Millionenbetrug dank Ponzi-System
Von den Eltern stammten Felix Vossens erste Millionen. Traumrenditen versprach der Spross, alles von der Finanzaufsicht kontrolliert, versicherte er. "Durch seine Täuschungshandlungen errichtete der Beschuldigte ein Lügengebäude, das aus raffiniert aufeinander abgestimmten und hinterhältigen Lügen bestand", heißt es in der Anklageschrift. "Weiter wendete der Beschuldigte besondere Machenschaften an, indem er namentlich unwahre Konto- bzw.

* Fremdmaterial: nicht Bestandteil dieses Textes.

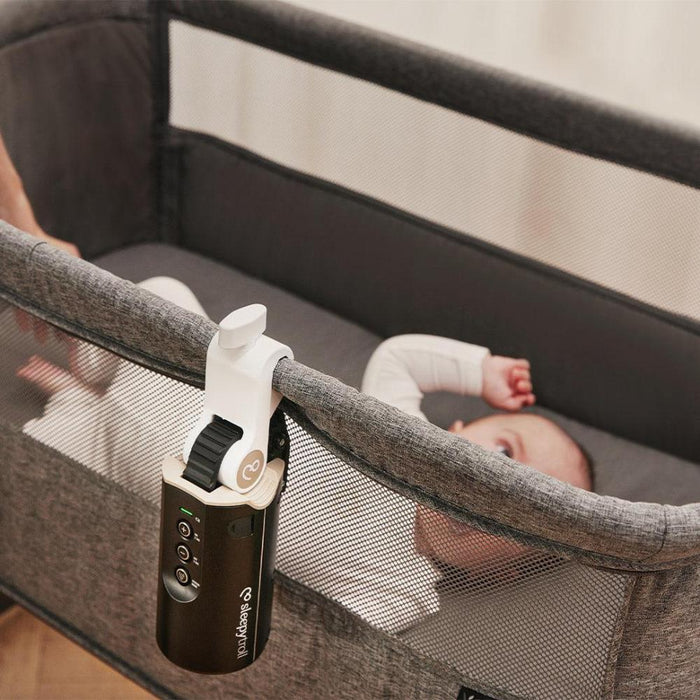 Sleepytroll Baby Rocker Gen 2 Embala Carrinho/Berço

Depotauszüge sowie E-Mails und Briefe im Namen fiktiver Mitarbeiter erstellte und versandte."
Auch seine Eltern betrog er mit solchen gefälschten Schreiben. Ein Ponzi-System nennen die Ankläger Vossens Masche, benannt nach dem Italiener Charles Ponzi, der vor 100 Jahren als einer der größten Betrüger in die US-Geschichte einging. Er versprach Anlegern Traumrenditen, gab das Geld aber in Wirklichkeit aus und finanzierte vermeintliche Gewinne mit den Einlagen neuer Kunden - bis das Ganze aufflog. Bei Vossen passierte das laut Anklage im Frühjahr 2015. Die Anleger standen demnach mit mehr als 40 Millionen Euro Einlagen in Vossens Büchern - aber nur auf dem Papier. Das Geld war weg. Vossen flog von London nach Zürich und seine Spur verlor sich zunächst. "Ich habe viele enttäuscht, es tut mir sehr leid", soll er noch an seine Ex-Freundin gesimst haben.

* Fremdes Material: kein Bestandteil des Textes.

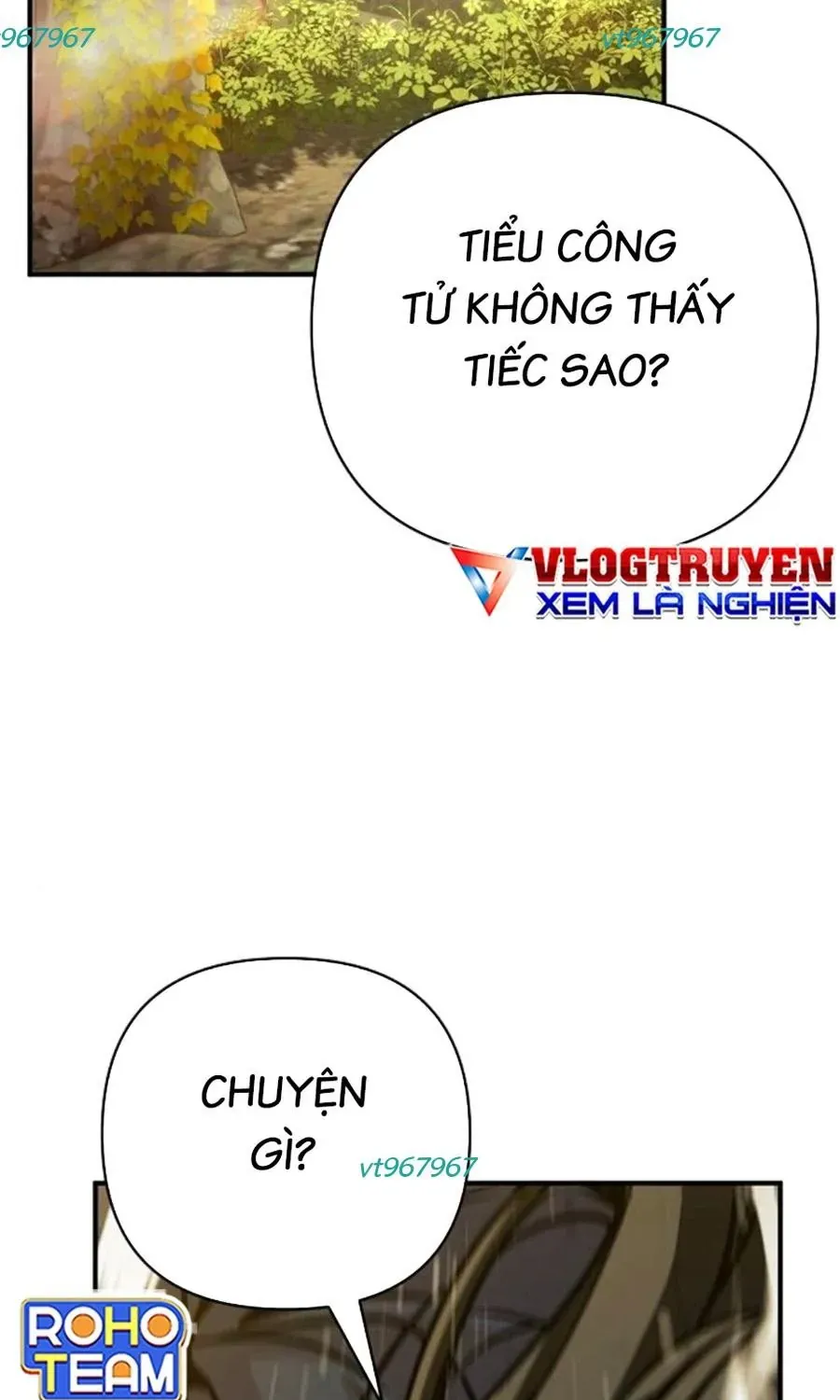 Tiểu Tử Đáng Ngờ Lại Là Cao Thủ Chap 127 - Next Chap 128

Warten im Züricher Flughafengefängnis
Als den Geprellten aufging, dass Vossens Finanzimperium erlogen war, erstatteten sie Anzeige. Die Schweizer ermittelten, stellten einen internationalen Haftbefehl aus und Vossen ging den Behörden bei einer Routinepolizeikontrolle in Spanien ein Jahr später ins Netz. Seitdem sitzt er im Züricher Flughafengefängnis. Die Polizei beschlagnahmte viele Ordner, ein paar Smartphones und knapp 100.000 Euro.
Die Staatsanwaltschaft hat sechs Jahre und zehn Monate Haft gefordert. Für Vossen ist die Strafverfolgung damit noch nicht erledigt: Bei der Festnahme hatte er Kokain dabei und gefälschte Ausweise. Dafür will die spanische Polizei ihn noch belangen.